Hi,
We have a custom setup in hadoop cdh3u0 which tries to read files from
*.gz files, but due to issue in hadoop 6835, we are not able to do it. We
have plans to upgrade but not now.
Since flume writes concatenated gz files , is it possible to change flume
to write gz files which are not concatenated. We have a bucket of 5 minutes.
I have changed the HDFSCompressedDataStream.java as follows: to keep in
store the data till 5 minutes and write it only once to the gz file.
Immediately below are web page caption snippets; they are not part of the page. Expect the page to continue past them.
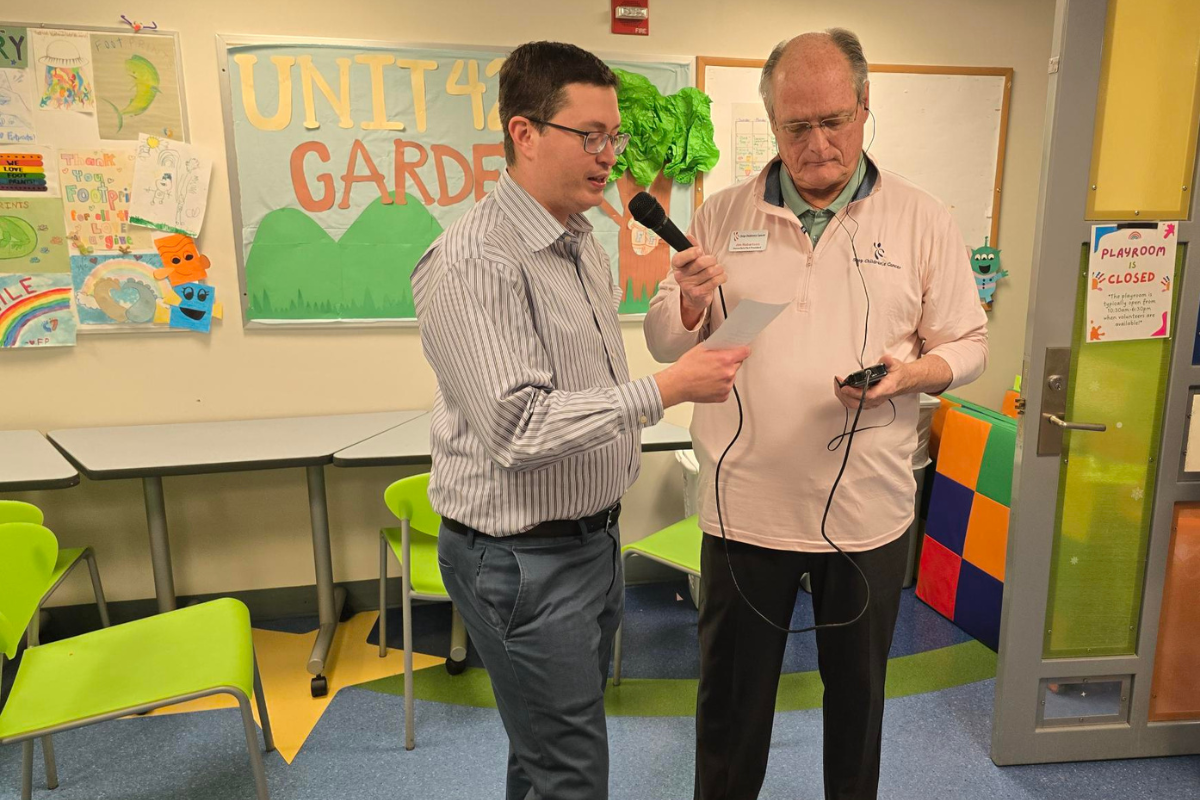 Dr. John Ligon, left, records a radio interview with Jim Robertson of Stop Children's Cancer to discuss the upcoming Bear-A-Thon fundraiser, Feb. 12, on 93.7 K-Country and 92.5/95.5 Wind-FM.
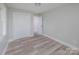 Bedroom with double door closet and wood-look floors at 5625 Highway 601 Hwy, Salisbury, NC 28147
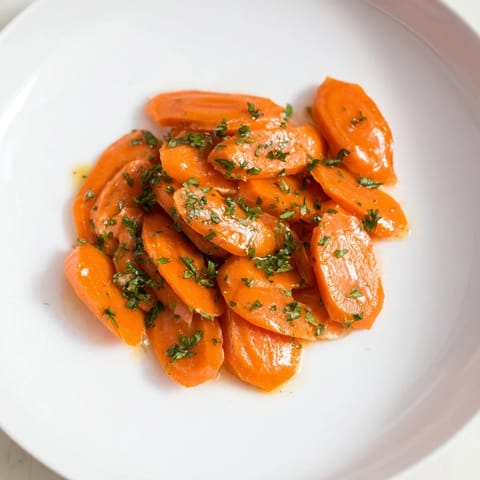 Golden Honey-Glazed Carrots glistening with a sweet, golden glaze, perfect as a vibrant side dish.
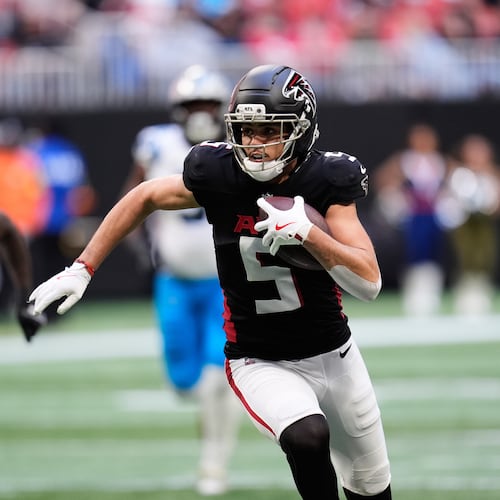 Atlanta Falcons wide receiver Drake London (5) carries against the Carolina Panthers in the first half of an NFL football game, Sunday, Nov. 16, 2025, in Atlanta. (AP Photo/Mike Stewart)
Is it
okay to do this?
@Override
public void append(Event e, FlumeFormatter fmt) throws IOException {
if (isFinished) {
cmpOut.resetState();
isFinished = false;
}
if(result==null){
result=fmt.getBytes(e);
System.out.println("1. sundi flume debug writing to sink");
}else{
System.out.println("2. sundi flume debug writing to sink");
byte[] bValue = fmt.getBytes(e);
byte[] addtoresult = new byte[result.length + bValue.length];
System.arraycopy(result, 0, addtoresult, 0, result.length);
System.arraycopy(bValue, 0, addtoresult, result.length,
bValue.length);
result = addtoresult;
}
//byte[] bValue = fmt.getBytes(e);
//cmpOut.write(bValue);
}
@Override
public void sync() throws IOException {
// We must use finish() and resetState() here -- flush() is apparently
not
// supported by the compressed output streams (it's a no-op).
// Also, since resetState() writes headers, avoid calling it without an
// additional write/append operation.
// Note: There are bugs in Hadoop & JDK w/ pure-java gzip; see
HADOOP-8522.
if (!isFinished) {
System.out.println("3. sundi flume debug writing to sink");
cmpOut.write(result);
result=null;
cmpOut.finish();
isFinished = true;
}
fsOut.flush();
fsOut.sync();
}
--